I want to use the "autocomplete" for a search engine on my site.

So, I have a field called shortdesc with the following definition:

<field name="shortdesc" type="text_de" indexed="true" stored="false" />

The field type:

<fieldType name="text_de" class="solr.TextField" positionIncrementGap="100">
    <analyzer type="index"> 
        <tokenizer class="solr.StandardTokenizerFactory"/>
        <filter class="solr.LengthFilterFactory" min="3" max="20"/>
        <filter class="solr.LowerCaseFilterFactory"/>
        <filter class="solr.StopFilterFactory" ignoreCase="true" words="lang/stopwords_de.txt" format="snowball" enablePositionIncrements="true"/>
        <filter class="solr.GermanNormalizationFilterFactory"/>
        <filter class="solr.RemoveDuplicatesTokenFilterFactory"/>
    </analyzer>
    <analyzer type="query">
        <tokenizer class="solr.StandardTokenizerFactory"/>
        <filter class="solr.LowerCaseFilterFactory"/>
        <filter class="solr.StopFilterFactory" ignoreCase="true" words="lang/stopwords_de.txt" format="snowball" enablePositionIncrements="true"/>
        <filter class="solr.GermanNormalizationFilterFactory"/>
   </analyzer>
</fieldType>

So, now for do the autocomplete, I need an extra field (field_autocomplete) where Im gonna copy the field shortdesc.
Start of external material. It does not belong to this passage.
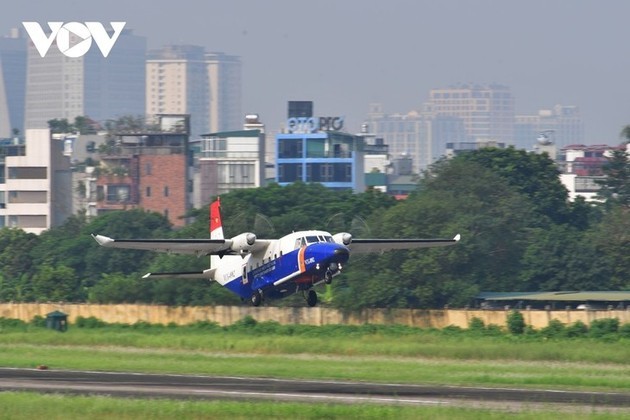 Aviones de transporte de la Fuerza Aérea de Vietnam ensayan vuelos en formación - ảnh 5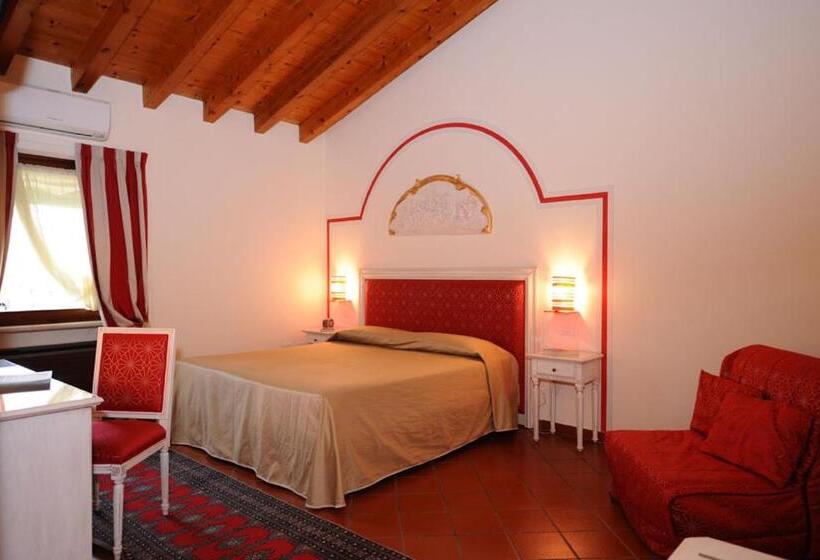 اتاق استاندارد سه نفره, Resort La Mola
This field is defined as (I don't need to retrieve data from this field):

<field name="field_autocomplete" type="text_autocomplete" indexed="true" stored="false" multiValued="true" />

And the type definition:

<fieldType name="text_autocomplete" class="solr.TextField" positionIncrementGap="100">
    <analyzer type="index">
        <tokenizer class="solr.StandardTokenizerFactory"/>
        <filter class="solr.LowerCaseFilterFactory"/>
        <filter class="solr.StopFilterFactory" ignoreCase="true" words="lang/stopwords_de.txt" enablePositionIncrements="true" />
        <filter class="solr.GermanNormalizationFilterFactory"/>
        <filter class="solr.EnglishPossessiveFilterFactory"/>
        <filter class="solr.EnglishMinimalStemFilterFactory"/>
        <filter class="solr.StopFilterFactory" ignoreCase="true" words="lang/stopwords_en.txt" enablePositionIncrements="true" />
        <filter class="solr.EdgeNGramFilterFactory" minGramSize="2" maxGramSize="25"/>
        <filter class="solr.RemoveDuplicatesTokenFilterFactory"/>
     </analyzer>
     <analyzer type="query">
        <tokenizer class="solr.WhitespaceTokenizerFactory"/>
        <filter class="solr.StopFilterFactory" ignoreCase="true" words="lang/stopwords_de.txt" enablePositionIncrements="true" />
        <filter class="solr.GermanNormalizationFilterFactory"/>
        <filter class="solr.EnglishPossessiveFilterFactory"/>
        <filter class="solr.EnglishMinimalStemFilterFactory"/>
        <filter class="solr.StopFilterFactory" ignoreCase="true" words="lang/stopwords_en.txt" enablePositionIncrements="true" />
        <filter class="solr.LowerCaseFilterFactory"/>
        <filter class="solr.RemoveDuplicatesTokenFilterFactory"/>
    </analyzer>
</fieldType>

And then, for copy the field:

    <copyField source="shortdesc" dest="field_autocomplete"/>

Ok, then, my fist question:

  • When indexing, all the content of the field text_autocomplete, comes from the copy of shortdesc, does that mean than a value on the field shortdesc is processed and then copy to field_autocomplete ? In that case, I don't need to apply the the filters on the type text_autocomplete because they are the same than in text_de and the source is gonna come with the filters already applied ? Is this right or I have to specify the filters for all of them (for each field I want "to capture" ?

And another question:

  • When I use the analyser, if I introduce a word that belong to the stopword, on the field text_de, the filter is applied and the word did't appear: But when I do the same on the field text_autocomplete , seems the word is there and stored as term, the filter didn't do nothing...

Can anybody give me a clue about this two things that are getting crazy ?

回答1:

  • You would need to define all the filters again. Nothing from the source field is applied.

Documentation for Copyfield :-

The original text is sent from the "source" field to the "dest" field, before any configured analyzers for the originating or destination field are invoked.

  • The stop filter seems to be missing format="snowball" which seems to be making the difference in the analysis.
    Also, usually it is recommended to have the same tokenizers and filters at both index and query time so that the indexed term matches the searched term. SO may just want to check the configurations again.